Federalist No. 77
- Alexander Hamilton, author of Federalist No. 77
- Author: Alexander Hamilton
- Original title: The Appointing Power Continued and Other Powers of the Executive Considered
- Language: English
- Publisher: The Independent Journal, New York Packet, The Daily Advertiser
- Publication date: April 2, 1788
- Publication place: United States
- Media type: Newspaper
- Preceded by: Federalist No. 76
- Followed by: Federalist No. 78

= Federalist No. 77 =

Federalist Paper by Alexander Hamilton

Federalist No. 77 is an essay by Alexander Hamilton, the seventy-seventh of The Federalist Papers. It was published on April 2, 1788, under the pseudonym Publius, the name under which all The Federalist papers were published. The title is "The Appointing Power Continued and Other Powers of the Executive Considered", and it is the last in a series of 11 essays discussing the powers and limitations of the Executive Branch.

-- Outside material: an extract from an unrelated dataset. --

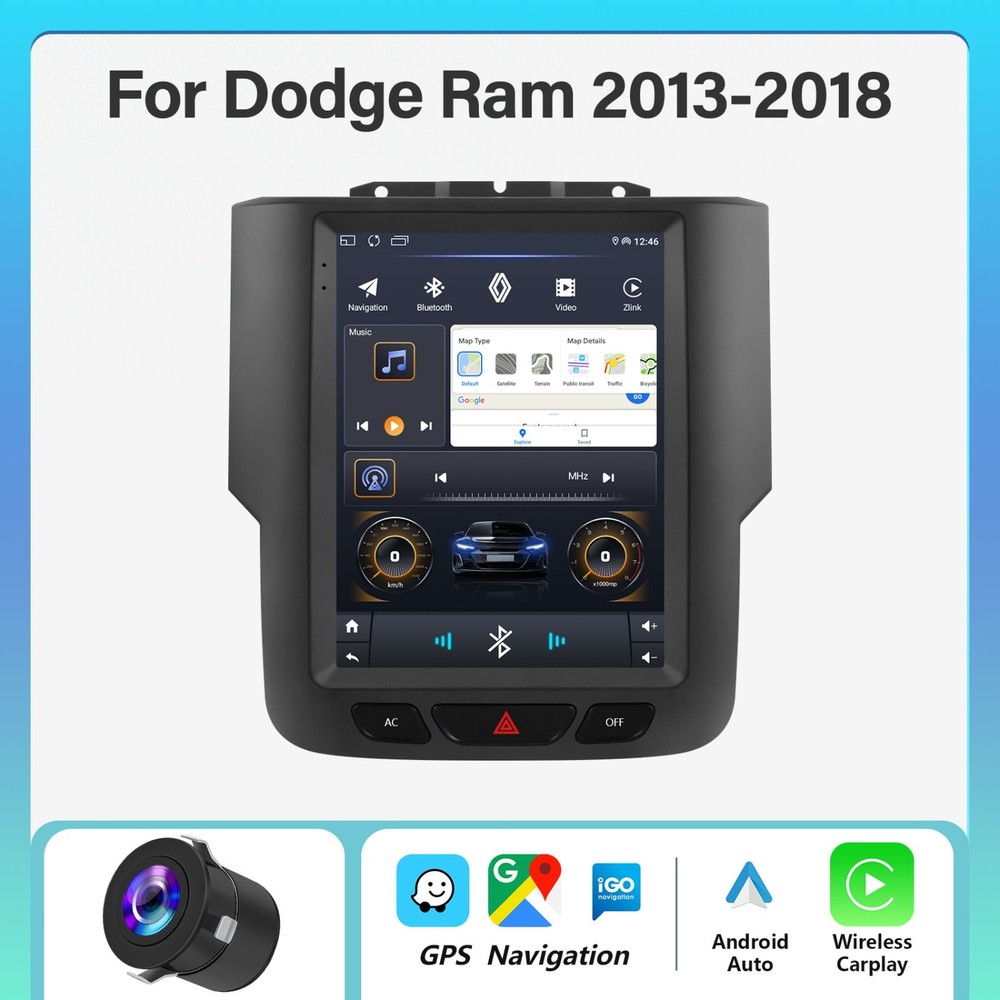 For Dodge Ram 1500 2500 3500 2013-2018 Android 14 Car Radio GPS CarPlay 2GB+32GB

In this paper, Hamilton discusses the power of the Senate to approve a president's appointments, the Executive's ability to call Congress together to give the State of the Union, and shares his concluding thoughts on the president's powers discussed throughout all of the Federalist Papers’ previous commentary.

== Summary ==
Hamilton opens by acknowledging the counterarguments that oppose the "Union of the Senate with the President," established by both branches of government playing a role in the nomination process. He writes that some say it would result in the president having "undue influence" over the Senate and that others say it would have the opposite tendency. In response, Hamilton argues that the idea that this provision would create presidential power over the Senate when the concept of a confirmation process is actually restraining executive power is "an absurdity in terms." To argue against the idea that requiring Senate confirmation is problematic because it will give the Senate influence over the president, he argues that the power of influence equates "conferring a benefit" and since the "power of nomination is unequivocally vested in the Executive" and the Senate can only "obstruct their course," the Senate cannot confer a benefit from the Executive. Thus, Hamilton reasons that the Senate does not have influence over the president.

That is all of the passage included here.